- [WHAT YOU NEED TO DO] Transcribe the entries exactly as given and skip whatever images they hold.

◆ ◆ ◆ ◆

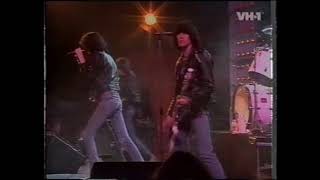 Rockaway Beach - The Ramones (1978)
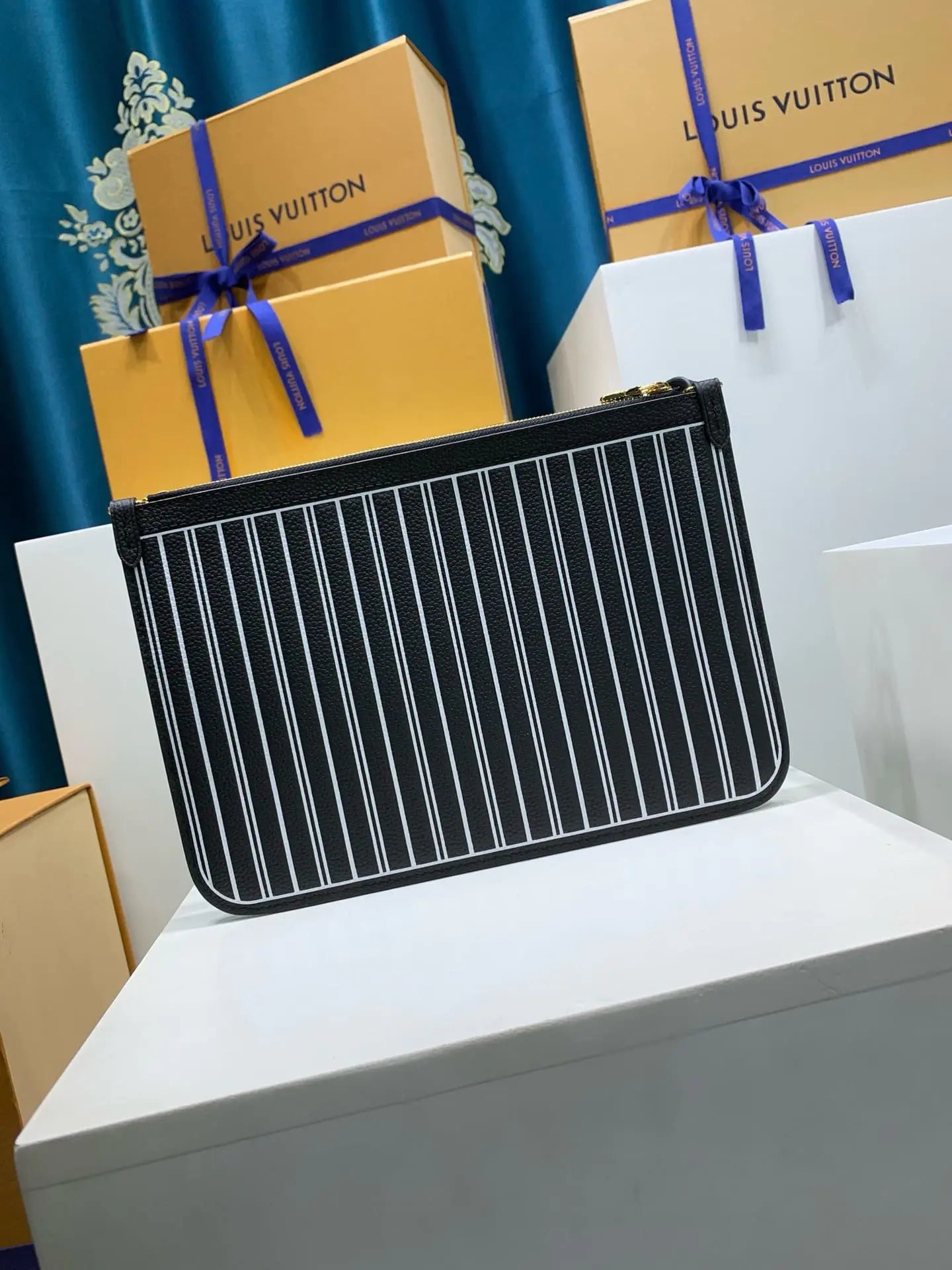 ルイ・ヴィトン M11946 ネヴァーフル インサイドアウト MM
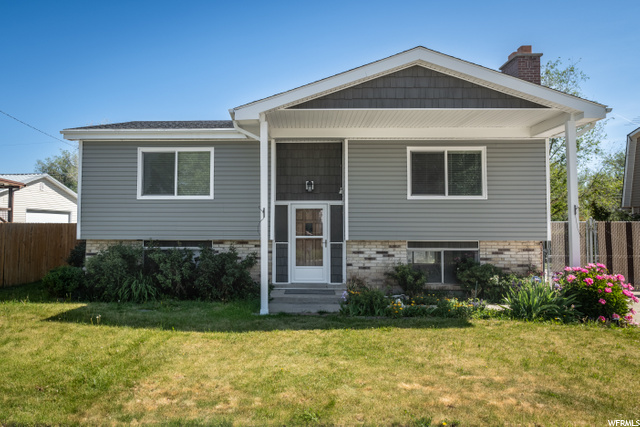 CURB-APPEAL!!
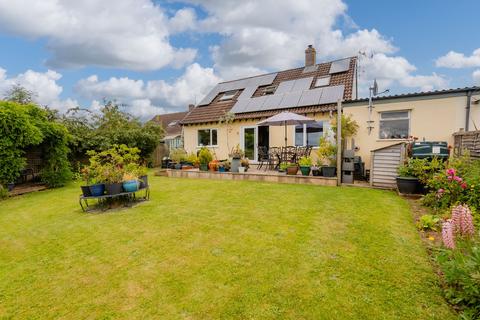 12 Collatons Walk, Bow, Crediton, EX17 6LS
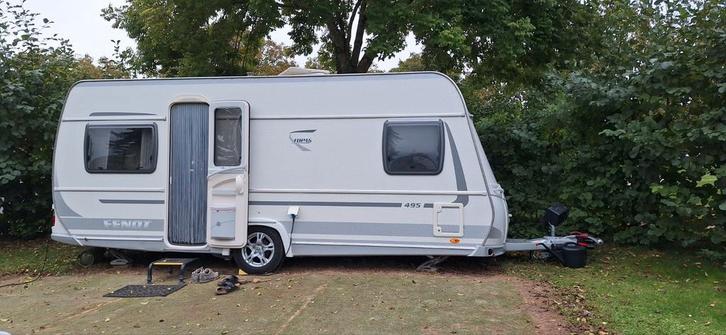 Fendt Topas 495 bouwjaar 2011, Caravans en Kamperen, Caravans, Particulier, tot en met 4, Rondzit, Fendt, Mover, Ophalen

◆ ◆ ◆ ◆

- [RESPONSE TO THE TASK]
 Rockaway Beach - The Ramones (1978)
 ルイ・ヴィトン M11946 ネヴァーフル インサイドアウト MM
 CURB-APPEAL!!
 12 Collatons Walk, Bow, Crediton, EX17 6LS
 Fendt Topas 495 bouwjaar 2011, Caravans en Kamperen, Caravans, Particulier, tot en met 4, Rondzit, Fendt, Mover, Ophalen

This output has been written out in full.